Да, я считала ее воздушным созданием с золотыми волосами в одеяниях из мятого муслина, я считала ее Мелизандой, я наделяла ее бесчисленными добродетелями и чувствительностью, чистотой и тонкостью чувств! А с кем, оказалось, я имею дело? С вульгарной шлюхой! Такое предположение принесло мне облегчение. Ровнехонько на два дня.

На третий я рассудила, что черная кожа плохо вяжется с жемчужным ожерельем, и надо было выбирать между фиолетовыми ногтями и шелковыми платками от Эрмеса. Может быть, мои добровольные информаторы видели разных женщин? По мере того как уточнялись некоторые детали («очень плохо выкрашены волосы, корни черные», «ноги у нее красивые»), я начинала терять ощущение целостности. Я наспех писала себе новый образ: вместо локонов гладкие волосы, черные глаза вместо голубых, но я по-прежнему ее не видела.

Но я не сдавалась, выспрашивая, где только могла, как она выглядит, что о ней думают. Не для того чтобы попытаться победить (я опоздала на несколько лет!), но для того чтобы в последний раз приобщиться к тому, что нравится моему мужу, приобщиться к его воле и сделать его желание моим, пусть даже для этого мне придется страдать. Я хотела разделить с ним еще что-нибудь напоследок, пусть даже это «что-нибудь» обречет меня на гибель. Я хотела слиться с его душой именно в том самом месте, где она от меня ускользала.

– Оставь! – говорили мне. – Ваша история банальна до слез. Знаешь, в нашем кругу эти разводы в пятьдесят лет… Да ты сама об этом писала в одной из своих книжек: «Мужчины меняют женщин, как курьеры лошадей, чтобы закончить перегон на той, что посвежее». Почему ты не можешь узнать в жизни то, что сама описала в романах?

– Да я же близорука! Я пишу вслепую! Я мечтаю, высчитываю, вышиваю, я часто просто двигаюсь наугад. Заклинаю судьбу, понимаешь? Ну, а когда, наконец, катастрофа совершается прямо у меня под носом, я просто не могу в это поверить…

– Это страусиная политика! На свою соперницу можно было и посмотреть – не Венера ведь. Да, хорошо сложена (ага, все-таки, все-таки…), но лицом не очень удалась. С зубами особенно беда: между передними машина может проехать…

– Говорят, это к счастью…

– Во всяком случае, красивым это не назовешь!

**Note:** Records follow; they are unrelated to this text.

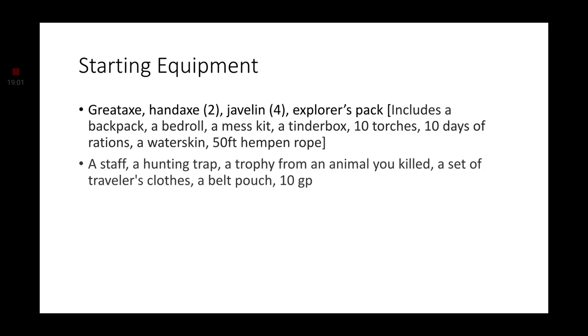Now, let's go over his equipment. Starting equipment, you get a Great Axe and two Hand Axes. Unfortunately, there is no weapon that fits Ajani's two-headed axe. So, we'll just use a Great Axe. Maybe you could work with your Dungeon Master to see if you can get such a weapon? If so, I think it would work like the double-bladed Scimitar. Anyways, you also have four Javelins and the Explorer's Pack. And, thanks to your Outlander background, you have a staff, a hunting trap, a trophy from an animal you killed, a set of traveler's clothes, a belt pouch, and ten gold. While the clothes really aren't needed, they are there.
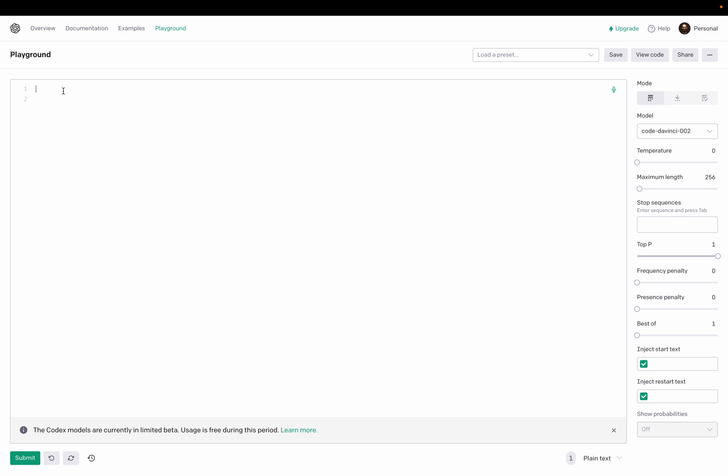I decided to play with the OpenAI project ChatGPT and I'm doing this in a playground. I decided why not create a video and share with you guys as well. I'm interested in Kotlin language, so first we'll start from very small things. What I can ask: write a map function and then submit.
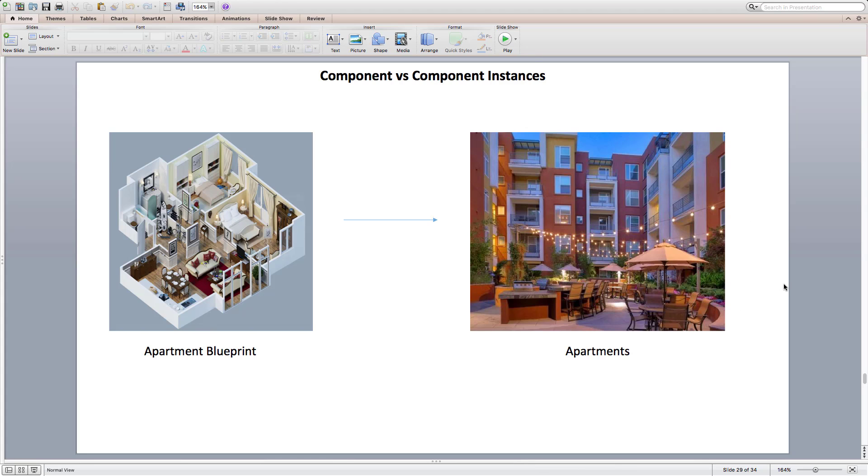You can think of our component as the same. Blueprints or the design is our component and the constructed house or in our case the one that gets rendered to the DOM is the component instances. You can think of component as a factory that can create several instances of the component that eventually returns react elements which gets rendered to the DOM.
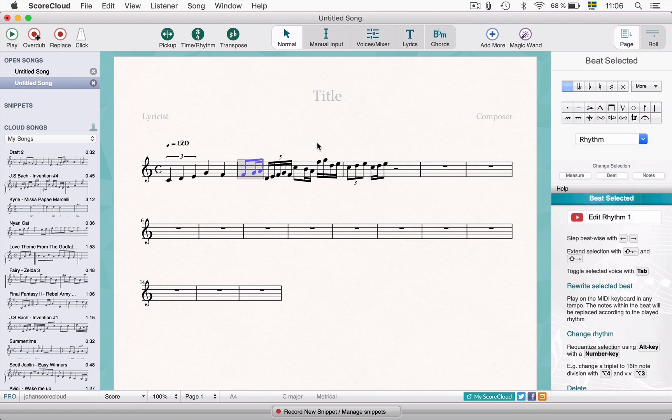You can also use beat by beat to input notes into a different voice. Use the tab key to toggle between existing voices or to make a new one. Let me show you.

Зачем я упираюсь? Ее уродство, будь оно мне доказано, принесло бы мне больше боли, чем все те достоинства, которыми я ее наделила: если она некрасива, если она глупа, корыстна и вульгарна – значит, он ее любит так, как никогда не любил!

Я долго хотела видеть в ней только чаровницу или фею. Разве борются с призраками, с эльфами, с ундинами? Вот я и не боролась… Теперь я догадываюсь, что чары, к которым она прибегала, совершенно обыкновенные, я даже не исключаю, что она и есть совершенно обыкновенная женщина, которая во всем похожа на меня – ни лучше, ни хуже. Единственная разница между нами в том, что мой муж ее любит, а меня нет, это он создал это различие: «Колечко для Шин, колечко для Дин, кольцо для Мартин, кольцо для Клодин, брильянт для Дю Мэн…»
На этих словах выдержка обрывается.